Music technology is a relatively new postgraduate option for Irish students, though it is steadily growing in significance. Some may feel that it is the most practical choice, employment-wise, for prospective musicians, as it broadens their subsequent possibilities to include backroom, studio-oriented work – like sound engineering and production – alongside more obvious musical career paths, like songwriting and live performance.
However, this is not to say that music technology postgraduate courses skimp on the more creative, artistic elements of music making. Indeed, Dr. Gordon Delap – coordinator of the Music Technology Laboratory’s postgraduate courses in NUI Maynooth – firmly disagrees with the contention that his programmes are more suited to ‘behind-the-scenes’ music makers than potential pop stars, as he does not see any real divide between the two careers.

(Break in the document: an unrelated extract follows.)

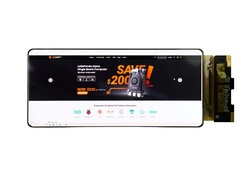 Ein neues, faltbares Display kommt gleich mit einem passenden Driver-Board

‘I don't think that there is always such a clear distinction between these roles [artist and producer], as many artists play a fully active role in the processes of production and engineering,’ he states. ‘At any rate, the course isn't a “studio engineers” course; that's an aspect of the course, but it also looks at a range of other applications of music technology, like composition, programming, synthesis, sound design, and live electronics.’
In keeping with this philosophy, NUI Maynooth’s course coordinators take care to ensure that an equal portion of artistic content counterbalances these musical/technological applications.

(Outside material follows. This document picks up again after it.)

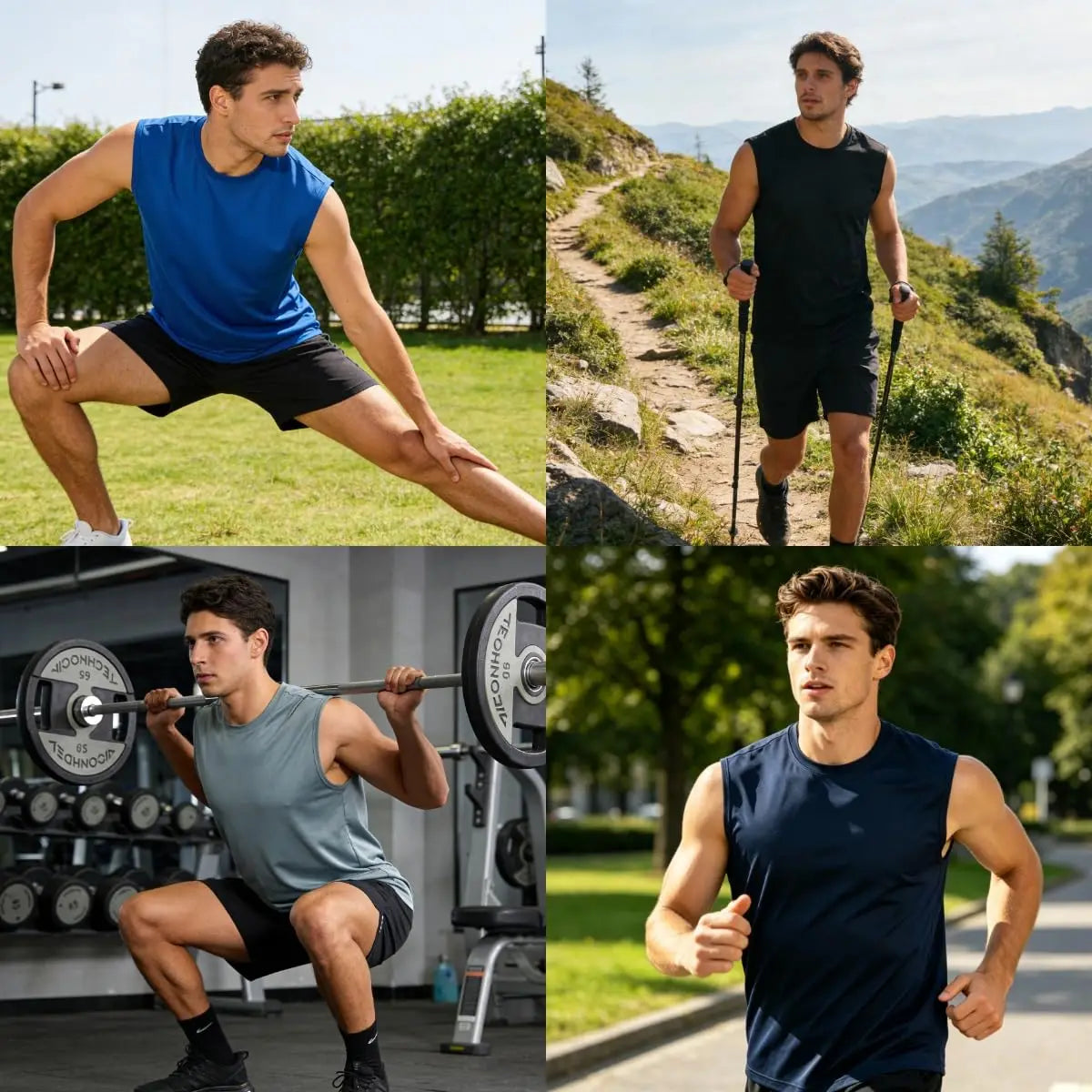 2 Pack Men's Tank Top  Basketball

‘That [artistic] element shouldn't be missing,’ states Dr. Delap. ‘Music technology is fundamentally a creative discipline, so there's not much point in being technically proficient, if you forget about the listener at the end of the process. Our course aims to be divided 50/ 50 between technical concerns, and more creative elements.’
NUI Maynooth offers a Master of Arts Degree in Computer Music, and also a Higher Diploma in Music Technology. The MA course is 11 months in length, running from October to August – though it can also be pursued as a part-time, 2-year option. The HDip course is based solely on a taught element, without the thesis/portfolio requirement included in its MA equivalent. Both programmes have the same selection of taught modules, including Sound Recording Techniques, Multimedia Programming and Software Sound Synthesis.

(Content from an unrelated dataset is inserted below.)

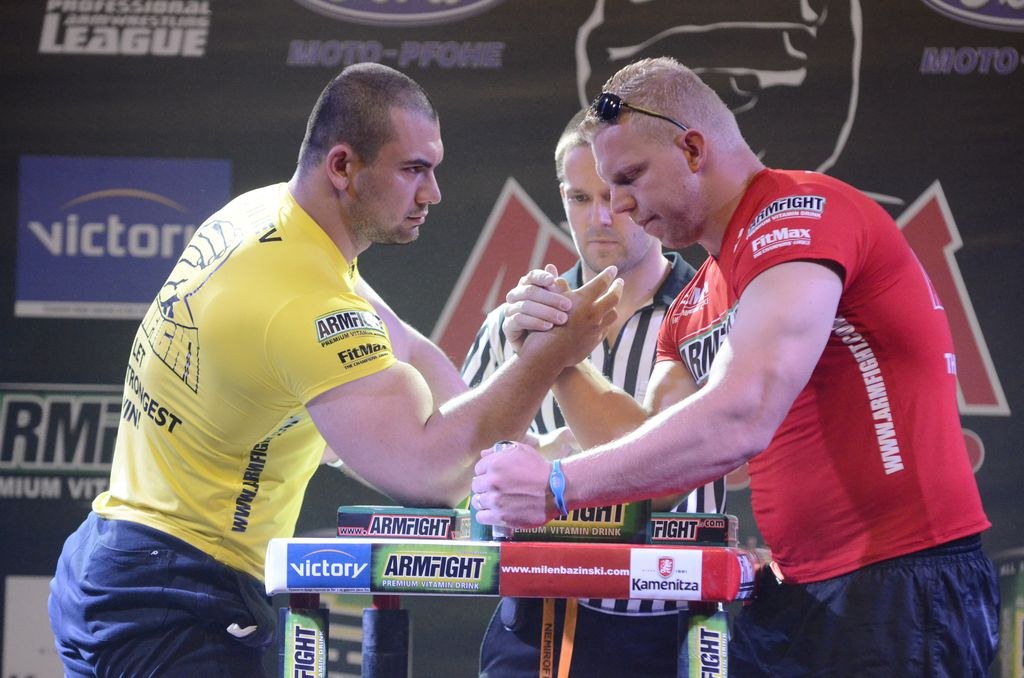 Armfight 41 Eliminations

The University Of Limerick offers an MA and MSc in Music Technology, both of which are completed over the course of 12 months, in a full-time capacity. The two programmes include a 9-month taught section – which contains the same subject options for both the MA and MSc courses – followed by a 3-month research period. The degree designation depends on whether the research project is compositional (in which case an MA is awarded) or technological (which results in an MSc qualification).
The Music Technology Centre, at the Dundalk Institute of Technology, offers both MSc and MA options in Music Technology. In fact, there are three pathways available within this course: Education (MA), Arts (MA) and Science (MSc). The programme takes place over the course of fourteen months: the first semester consists of mandatory, core modules (which differ slightly for the Education pathway), while the second gives students the opportunity to specialise in areas of personal interest. Electroacoustic Music & Composition, Recording Techniques & Technologies, and Sound Synthesis & Manipulation are mandatory modules for all three pathways.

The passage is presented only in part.